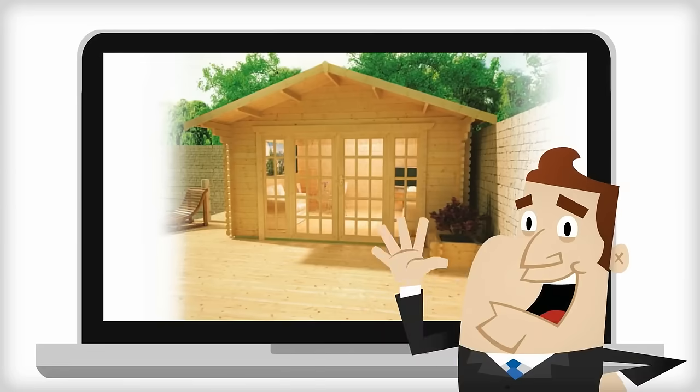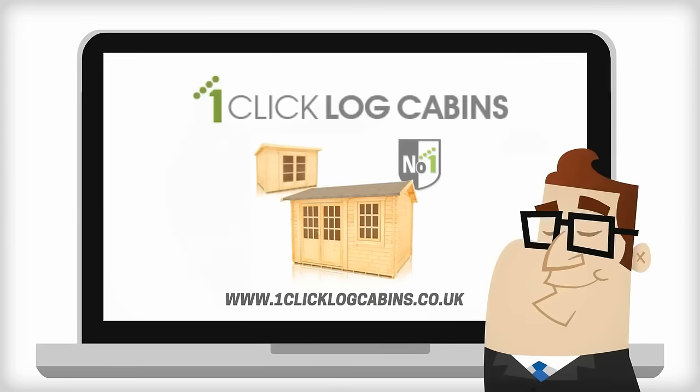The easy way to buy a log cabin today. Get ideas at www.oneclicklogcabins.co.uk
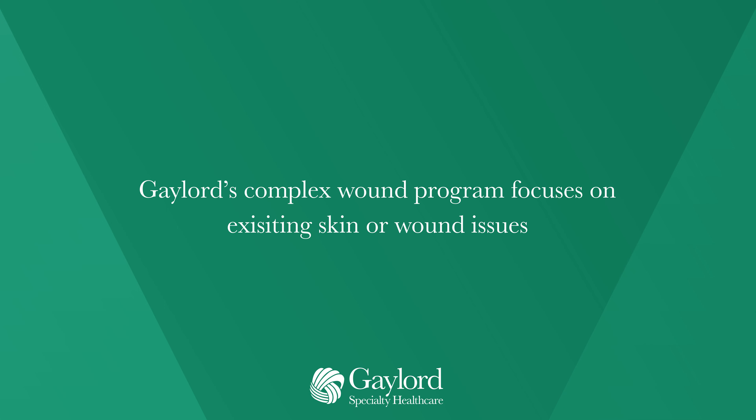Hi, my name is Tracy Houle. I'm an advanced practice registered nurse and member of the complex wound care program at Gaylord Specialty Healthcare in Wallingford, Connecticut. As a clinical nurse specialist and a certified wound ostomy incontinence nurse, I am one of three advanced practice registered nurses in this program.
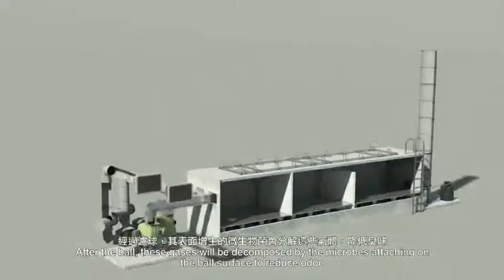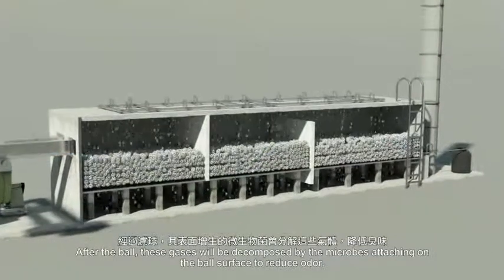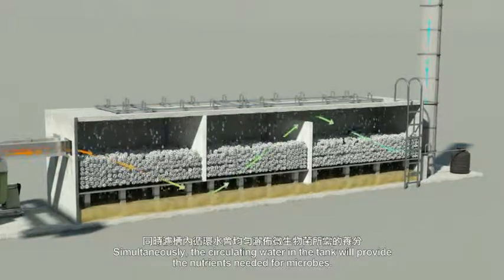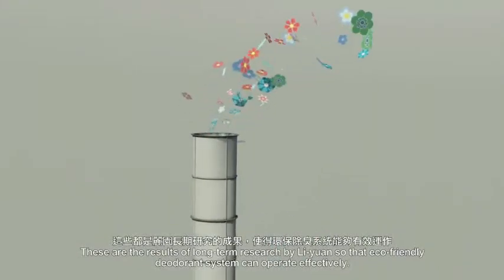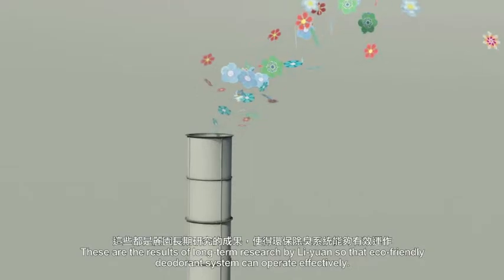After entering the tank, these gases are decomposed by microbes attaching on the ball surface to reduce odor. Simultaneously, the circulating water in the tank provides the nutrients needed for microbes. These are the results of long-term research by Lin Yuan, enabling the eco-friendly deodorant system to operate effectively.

============

▸ Exercise objective:
Starting with the line that holds "Hi, my name", retype each line through the last one in the listing above, exactly as written. Do not copy any pictures.

▸ Solution to this task:
Hi, my name is Tracy Houle. I'm an advanced practice registered nurse and member of the complex wound care program at Gaylord Specialty Healthcare in Wallingford, Connecticut. As a clinical nurse specialist and a certified wound ostomy incontinence nurse, I am one of three advanced practice registered nurses in this program.
After entering the tank, these gases are decomposed by microbes attaching on the ball surface to reduce odor. Simultaneously, the circulating water in the tank provides the nutrients needed for microbes. These are the results of long-term research by Lin Yuan, enabling the eco-friendly deodorant system to operate effectively.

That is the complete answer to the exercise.